▶ [ACTIVITY] Repeat what the lines below say, word for word, and skip every image.

▶ [SOURCE MATERIAL]
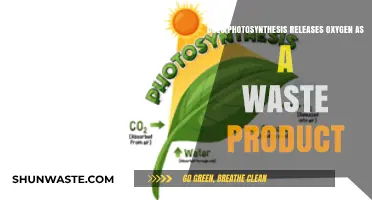 Photosynthesis' Oxygen Release: Waste or Vital Byproduct Explained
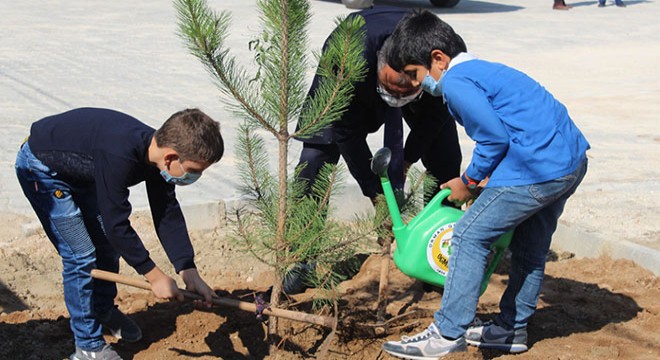 Öğrenciler yüz yüze eğitime fidan dikerek başladı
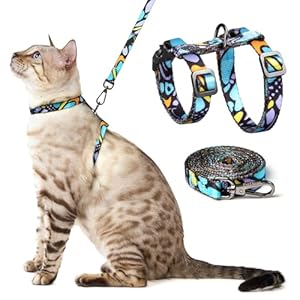 Cat Harness and Leash Set – Escape Proof Vest Harness for Cat, Comfortable Soft Lightweight, Easy Adjustable Cat Collar Harness for Small Medium Large Cats (Butterfly Magic)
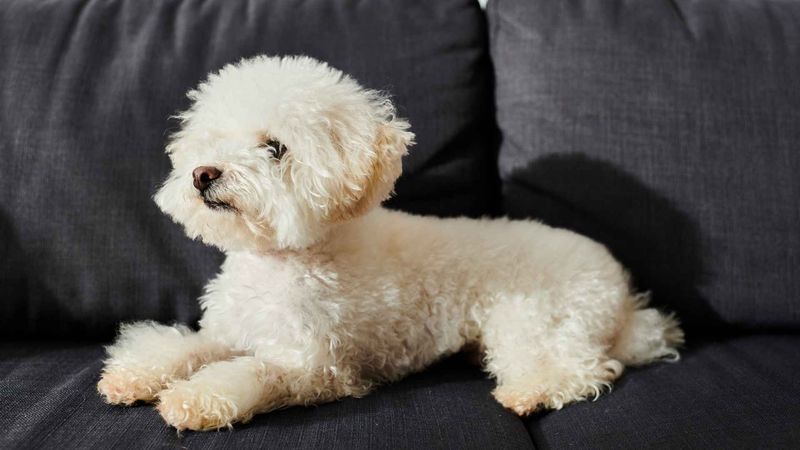 Bichon Frise: Living Cotton Balls Of Joy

▶ [RESULT OF THE EXERCISE]
 Photosynthesis' Oxygen Release: Waste or Vital Byproduct Explained
 Öğrenciler yüz yüze eğitime fidan dikerek başladı
 Cat Harness and Leash Set – Escape Proof Vest Harness for Cat, Comfortable Soft Lightweight, Easy Adjustable Cat Collar Harness for Small Medium Large Cats (Butterfly Magic)
 Bichon Frise: Living Cotton Balls Of Joy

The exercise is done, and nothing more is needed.